Segment Open

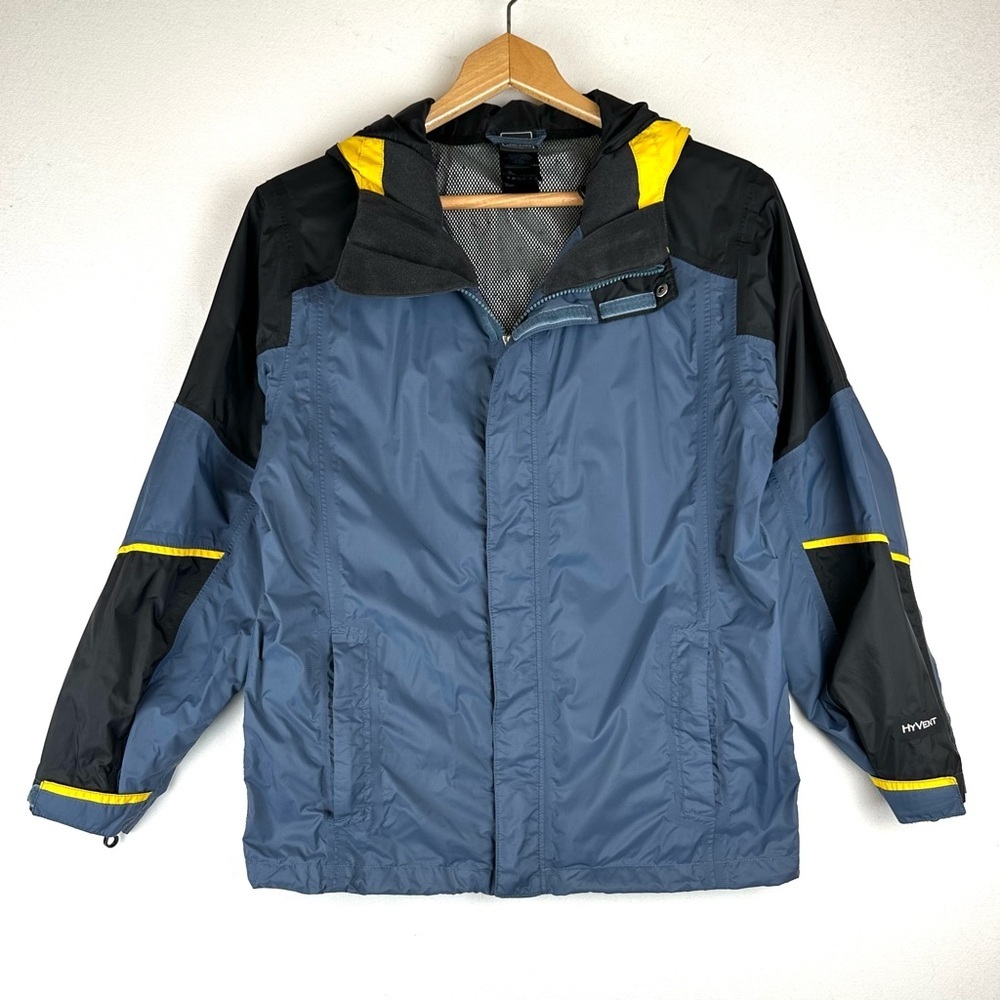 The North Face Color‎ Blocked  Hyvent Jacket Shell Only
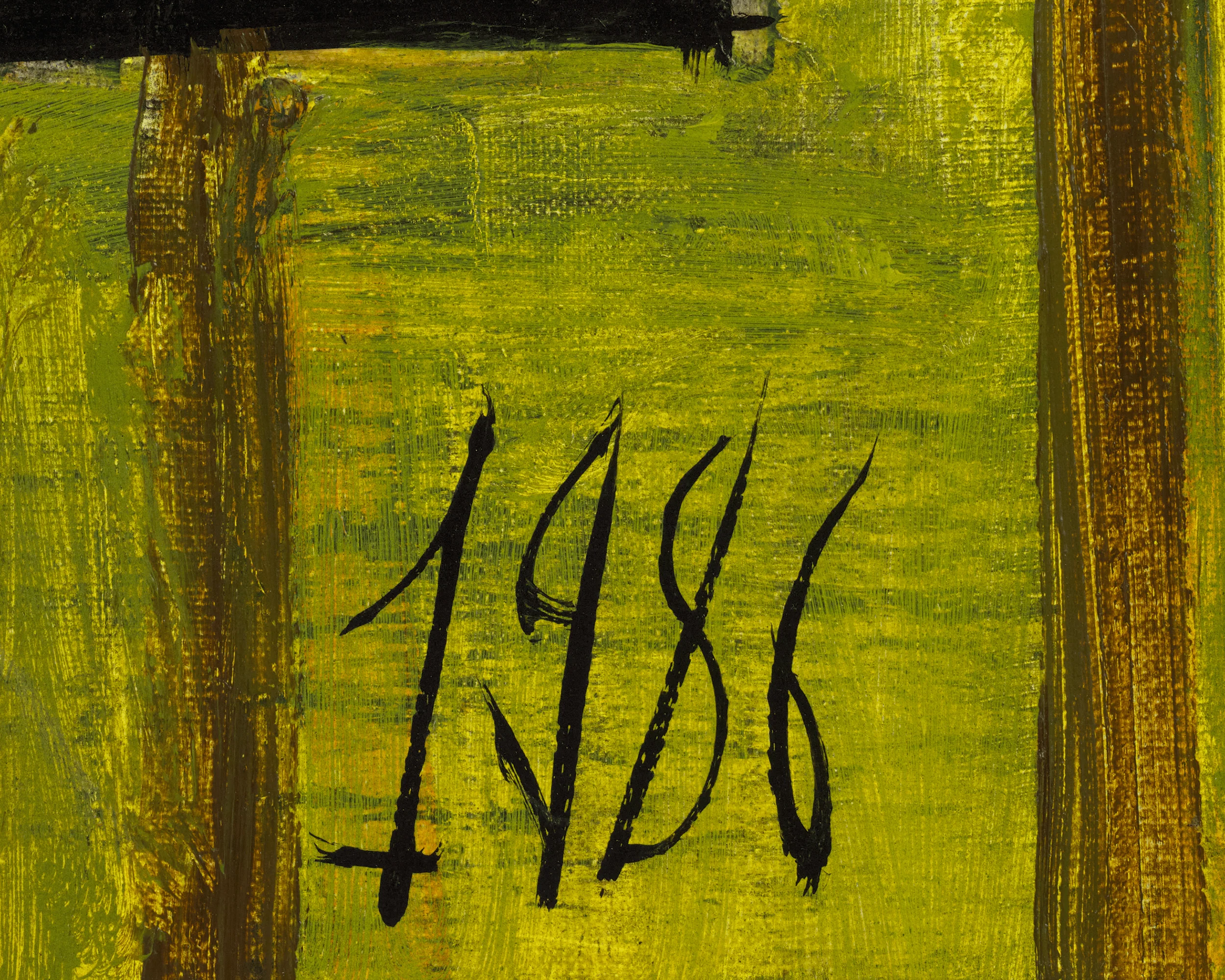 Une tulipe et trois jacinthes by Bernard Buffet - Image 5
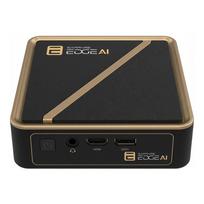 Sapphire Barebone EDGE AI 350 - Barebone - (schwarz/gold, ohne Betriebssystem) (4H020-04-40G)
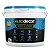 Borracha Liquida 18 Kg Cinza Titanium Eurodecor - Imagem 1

Segment Closed

◆ **Problem to work on**
Your task is to reproduce exactly the lines from the one that holds "Sapphire Barebone EDGE" to the last line of the listing, and only those, omitting the pictures.

◆ **Your response**
 Sapphire Barebone EDGE AI 350 - Barebone - (schwarz/gold, ohne Betriebssystem) (4H020-04-40G)
 Borracha Liquida 18 Kg Cinza Titanium Eurodecor - Imagem 1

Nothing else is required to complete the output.